After the prince, Siddhartha, left the palace where he had grown up, he became a spiritual seeker, following the example of the man he had seen on his trip with his chariot driver: the man who had radiated peace and joy.
He sought out the best spiritual teachers. As many such seekers did at that time, and still do in India, he relied on the generosity of people who would fill his begging bowl on his daily rounds. He ate what he was given, and he owned little more than his begging bowl and his robes. He learned how to meditate and to perform various ascetic disciplines. The prince was a very good student, and he quickly mastered the techniques he was taught. "What else?" he would ask. "What else is there to learn?" When he was told by each successive teacher that he had already learned the most advanced practices, he would say, "No, there is more," and seek another mentor. He intuitively knew that he hadn't reached his ultimate goal of discovering the truth about how suffering arose and could be relieved.
After a number of years of spiritual seeking, practicing meditations, and performing a variety of ascetic disciplines, he still hadn't found the truth that he sought. Then he remembered the incident from his childhood when he had sat under the rose apple tree. He recalled the simple and direct experience of alert wakefulness, the glimpse of brilliant sanity. He realized that he was going about things in the wrong way. Instead of starving himself, treating his body harshly, and trying to manipulate his state of mind, he realized that what he needed to do was simply to sit down with himself and see what he discovered.

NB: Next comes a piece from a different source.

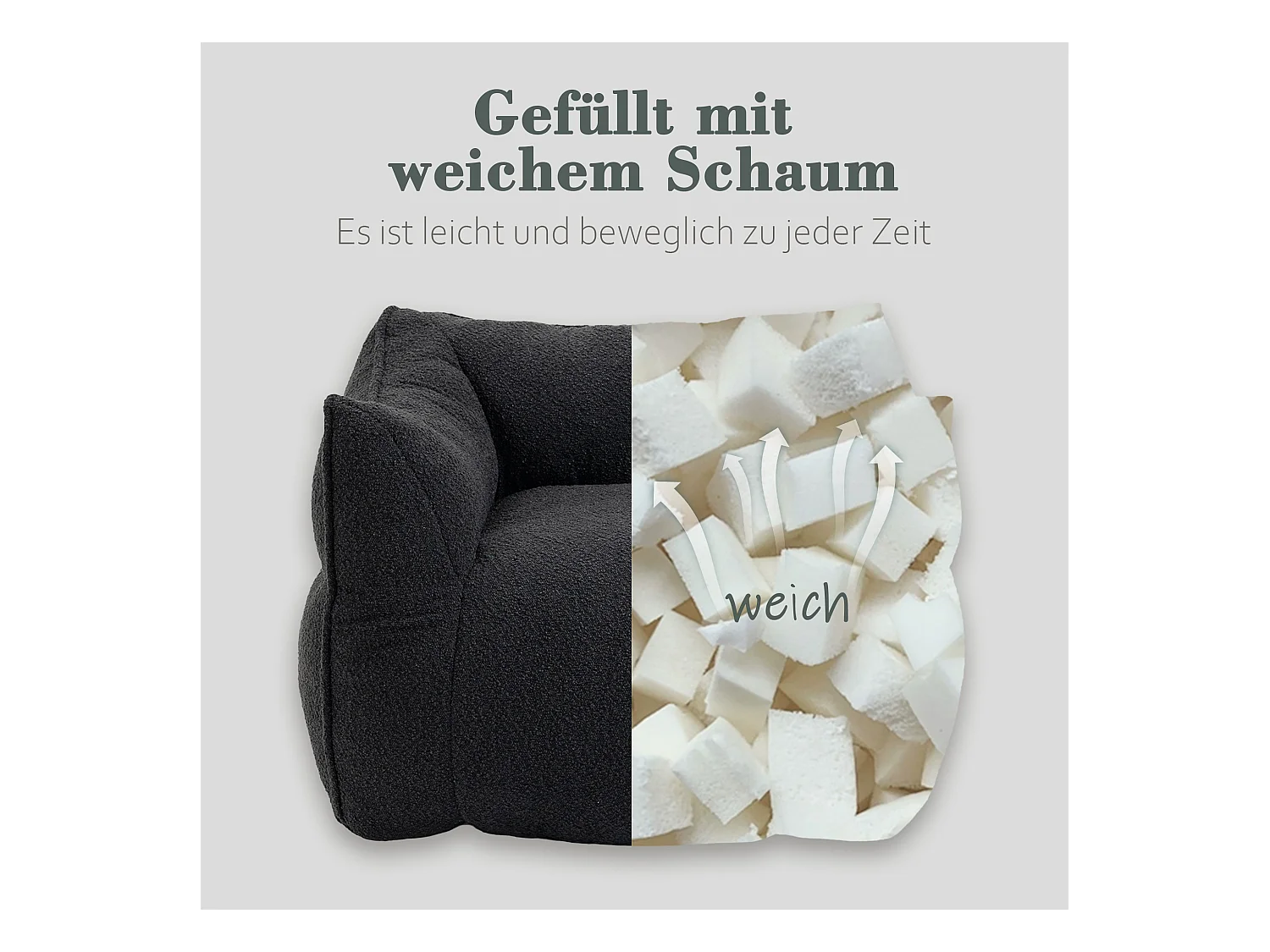 Komfortabler Doppel-Sitzsack, superweiche Innenraumgestaltung, moderner Spezial-Sitzsack mit Armlehnen, schwarz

He accepted an offering of a sort of sweet yogurt drink and made himself a seat of kusha grass. Both the delicious drink and the soft grass were in contrast with the strict disciplines he'd been practicing. Then, he sat down and vowed to stay there until he saw what was true for himself. The story goes on to describe how he was tempted by various "demons" who represented the habitual patterns of distracted mind. Finally, though, he realized his brilliant sanity for himself. In addition, he saw how he and others lose touch with the truth of that inherent natural wisdom and create suffering for ourselves and others.

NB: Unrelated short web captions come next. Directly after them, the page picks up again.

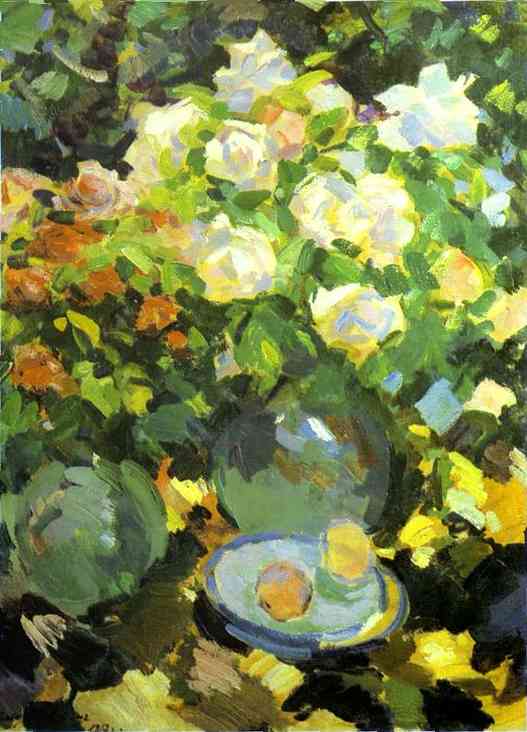 Oil painting: Roses in Blue Jugs. 1917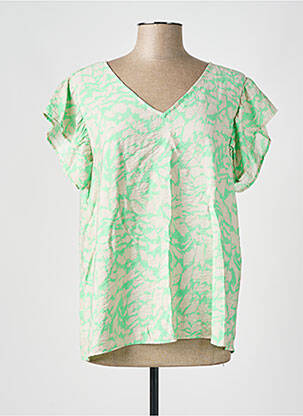 Top imprimé fantaisie manches courtes vert ONLY femme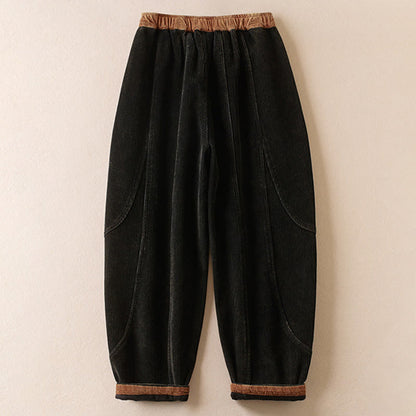 Camelia | Women's Corduroy Drawstring Elastic Waist Relaxed Harem Pants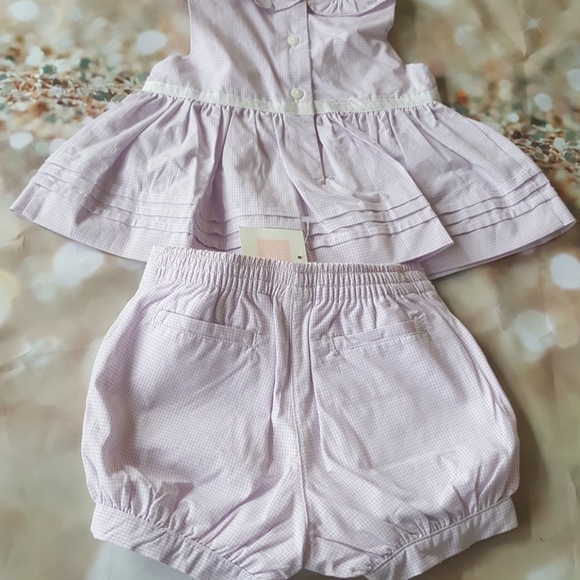 Janie and jack NWT Purple checks outfit Precious - Picture 4 of 5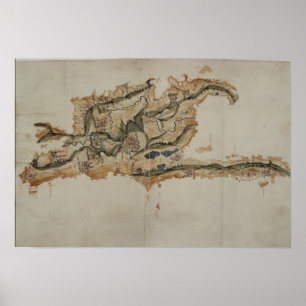 Poster Carte de l'île de Saint-Domingue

At that point, the prince became "the Buddha," "the awakened one." He had woken up to the brilliant sanity that he had always had. The Buddha began a long life of teaching what he had discovered. He taught the poor and the rich, men and women. He taught that we have to look into ourselves to discover the truth of who we are and how to relieve our suffering. All of us, he taught, have the same awakened nature; all of us are potential Buddhas.
Having lived in the luxury of the palace and in the harsh extremes of asceticism he was able to say, from his own experience, that neither extreme leads to "waking up" from the dream of our confusion about who and what we are. His teaching became known as the "middle way."

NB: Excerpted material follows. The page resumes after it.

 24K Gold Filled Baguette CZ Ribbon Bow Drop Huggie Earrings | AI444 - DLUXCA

Contemplative Psychotherapists follow the example of the Buddha by beginning our training with looking into our own experience before we try to help others look into their own. In our work with ourselves and also with our clients, we follow the idea of the middle way: instead of falling either into the extreme of indulging in distraction and entertainment or the extreme of self-aggression or unkindness, we look for a path that is characterized by curiosity, gentleness, and finding out for ourselves. In that way, we may the discover brilliant sanity that is already ours.